What's Next For Egypt After Sisi's Win?
ARUN RATH, HOST:
We're going to go now to Egypt, where the last three years have brought a constant cycle of protest and political change. First, in 2011, the revolution hatched in Tahrir Square helped bring down Egypt's long-time dictator, Hosni Mubarak. Then elections in 2012 brought the Muslim brotherhood and Mohamed Morsi to power. After less than a year, Egypt's military forced Morsi out of office in a coo. This past week brought yet another chapter. Egyptians went to the polls once again and they elected former Field Marshal Abdel Fatah Al-Sisi in a landslide. He won more than 90 percent of the vote. We're going to turn now to NPR's Leila Fadel, who's in Cairo. Leila this was not much of a surprise, is was it?
LEILA FADEL, BYLINE: Not at all. It was widely expected that the former military chief would get the majority of votes. And as the preliminary results show, he got more than 90 percent of voters to vote for him. He's widely popular among a certain part of Egyptian society. A majority really - people looking for stability and who backed the ousting of the former President Mohamed Morsi.
RATH: And the government made a big deal about getting as many people to vote as possible, trying to boost turnout. In the end, how was the turnout?

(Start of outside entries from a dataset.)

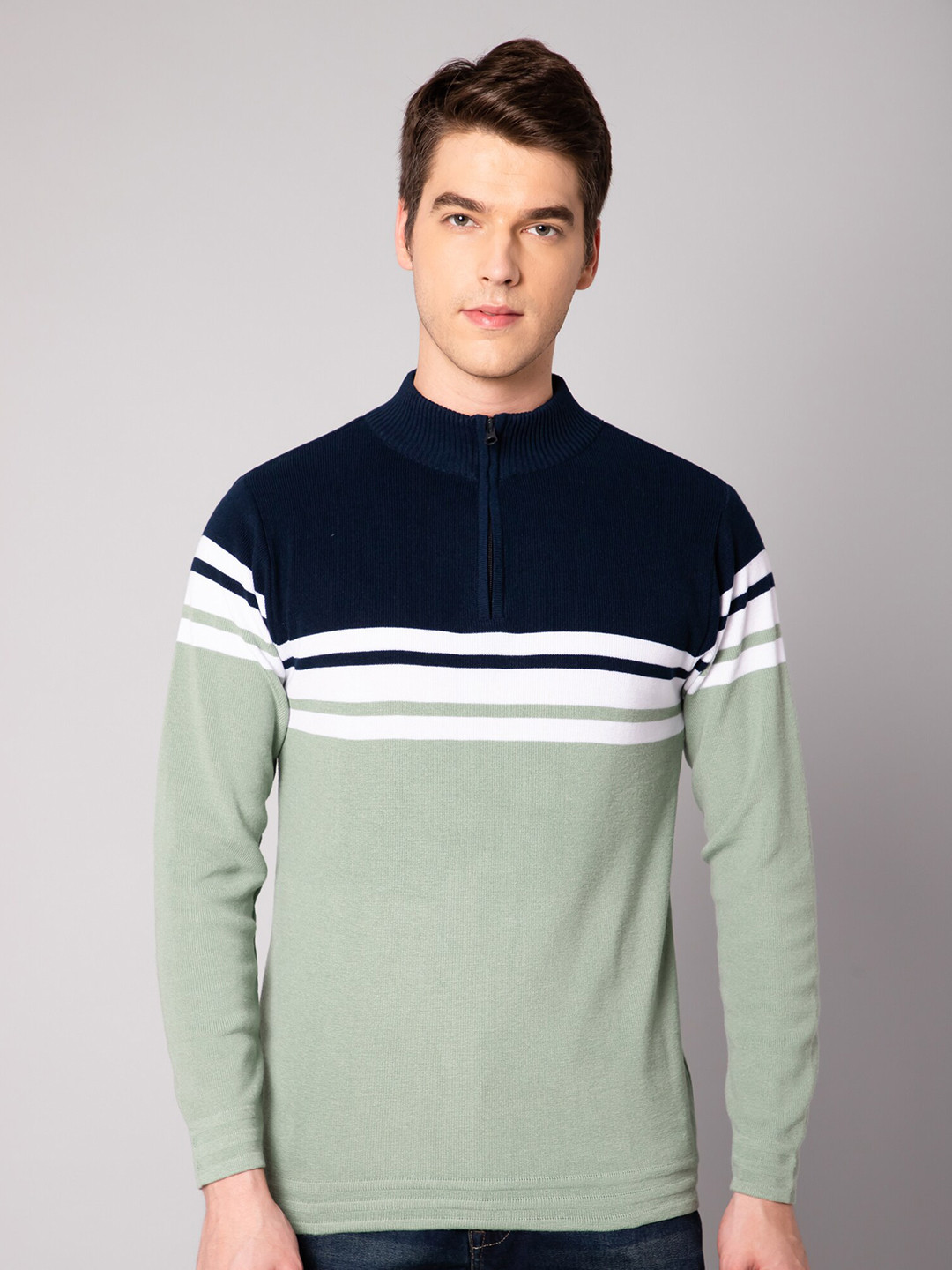 Cantabil Men Green Striped Long Sleeves Fashion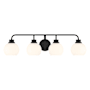 Bellevue 4 Light 32" Wide Vanity Light with Opal Glass Shades Matte Black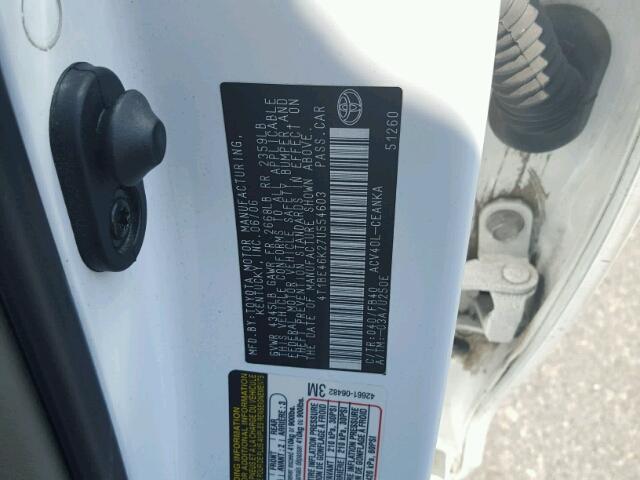 4T1BE46K27U554603 - 2007 TOYOTA CAMRY CE/L WHITE photo 10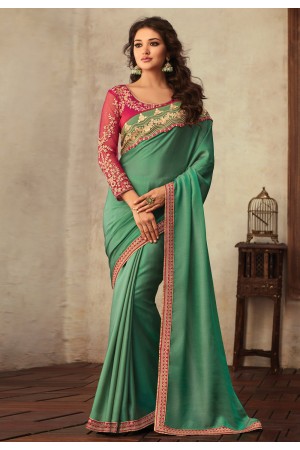Green georgette saree with blouse V3908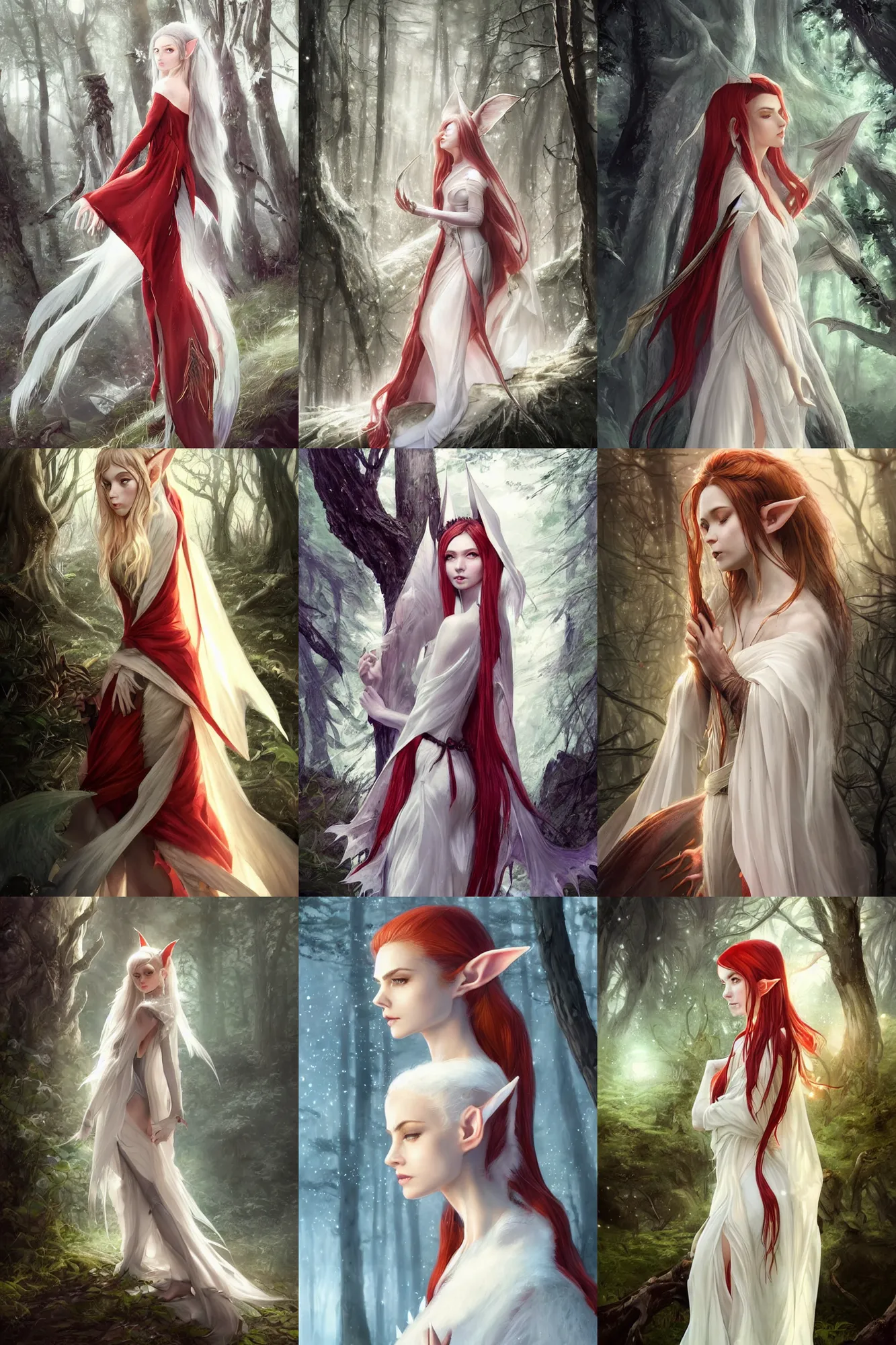 Prompt: side portrait high-fantasy elf girl with detailed pointed sharp long ears wearing translucent off-white gown and cloak, fantasy forest landscape, moonshine, fantasy magic, feathery red hair, dark light night, intricate, elegant, sharp focus, illustration, highly detailed, digital painting, concept art, matte, art by WLOP and Artgerm and Greg Rutkowski and Alphonse Mucha, masterpiece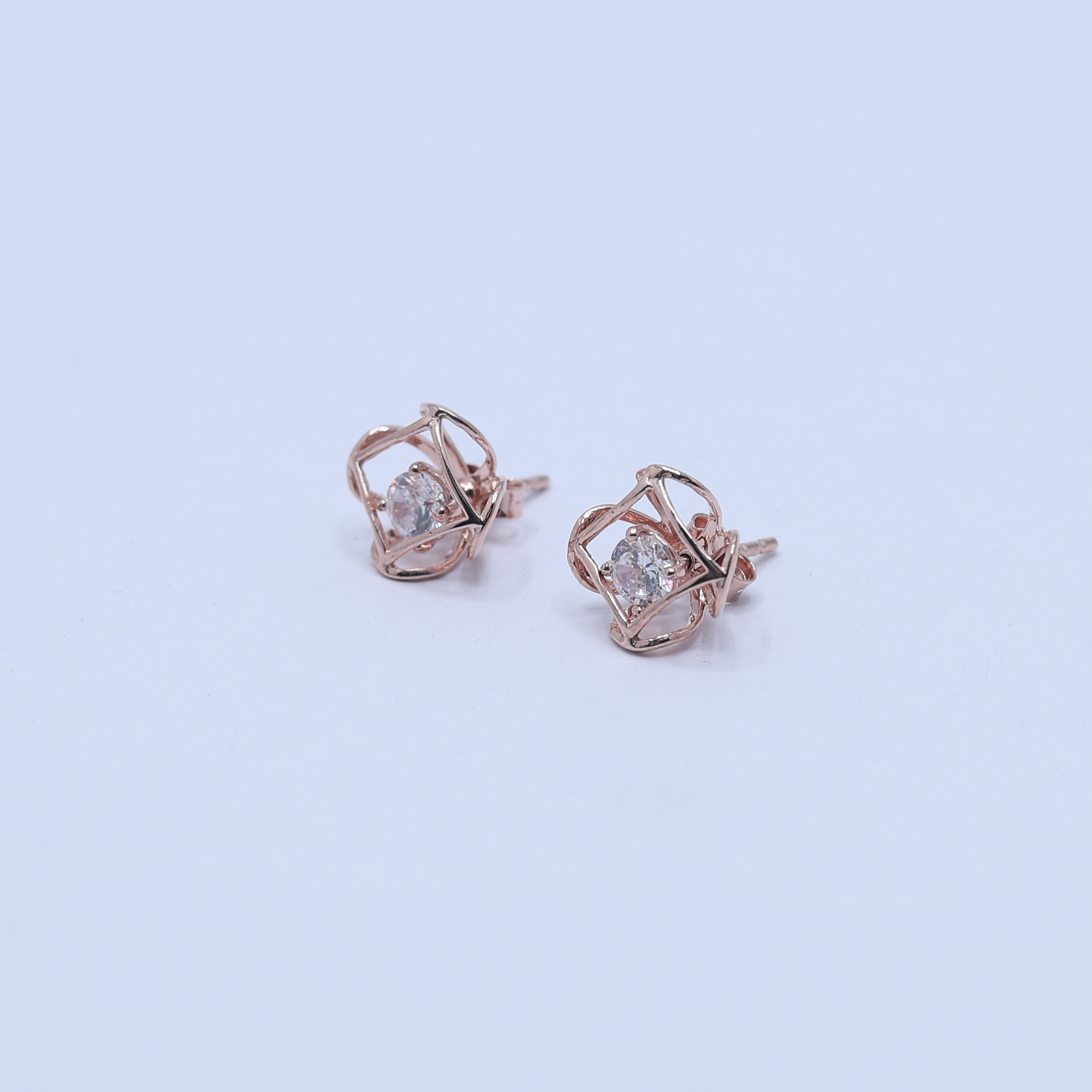 Rose Gold Adjustable Silver Interwoven Round Stud Earring For Woman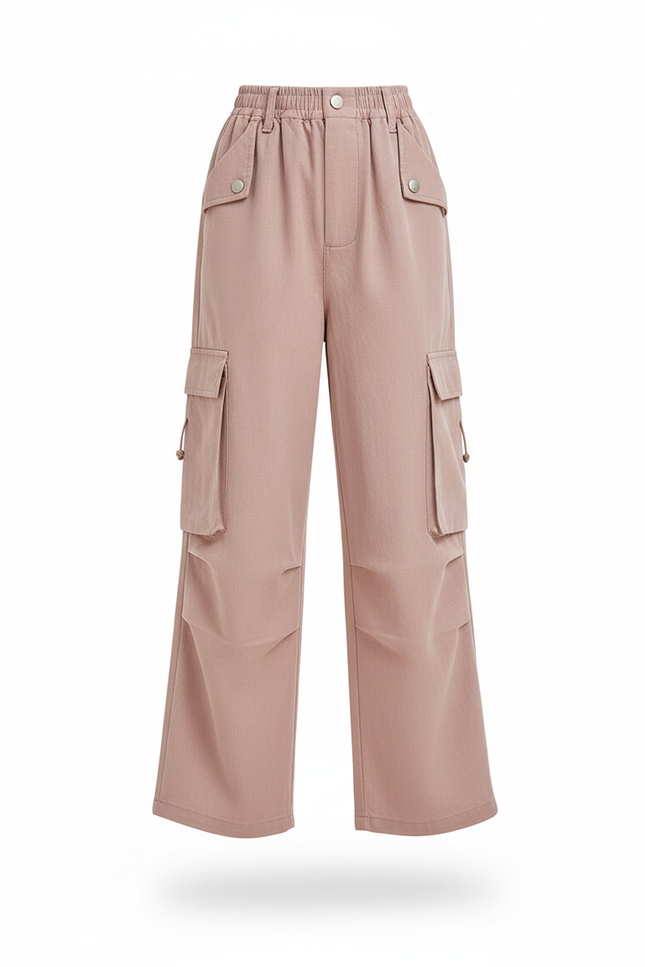 Pantalon En Lin Rose Cargo Ample Enfant Décontracté - vue 3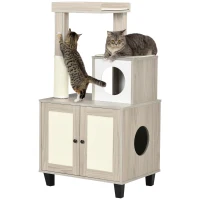 PawHut Cat Litter Box Enclosure Furniture with Cat Tree, Hidden Litter Box with Scratching Post, Bed, Modern Cat House Indoor, Gray(m-1)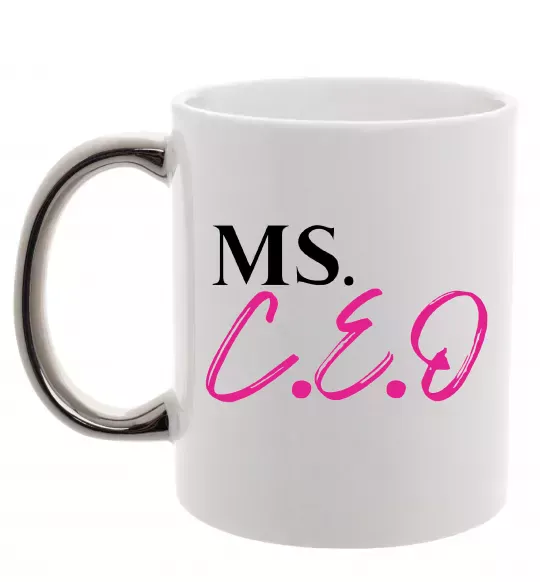 Чашка с цветной ручкой MS CEO Серебро фото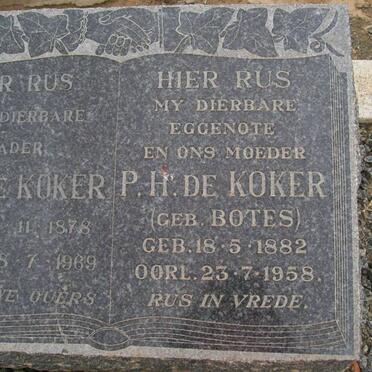 KOKER P.H., de nee BOTES 1882-1958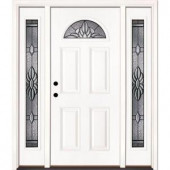 Feather River Doors Sapphire Patina Fan Lite Primed Smooth Fiberglass Entry Door with Sidelites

FADEL: Well, turnout wasn't exceptionally high. It wasn't extremely low either. The preliminary numbers show about 46 percent, which is actually less than the turnout in 2012. They wanted such high turnout as an endorsement of not only Sisi's presidency, but what has led to this moment - a wide crack down here in Egypt that has gone on against dissent, especially the ousted Muslim Brotherhood, who largely boycotted this election, saying this is happening in an unjust, illegitimate environment - still calling for the return of Mohamed Morsi, which is unlikely and also an unpopular call. So turnout wasn't as high as they wanted. And they even took the extraordinary measure of adding an extra day to the election to get more people out there.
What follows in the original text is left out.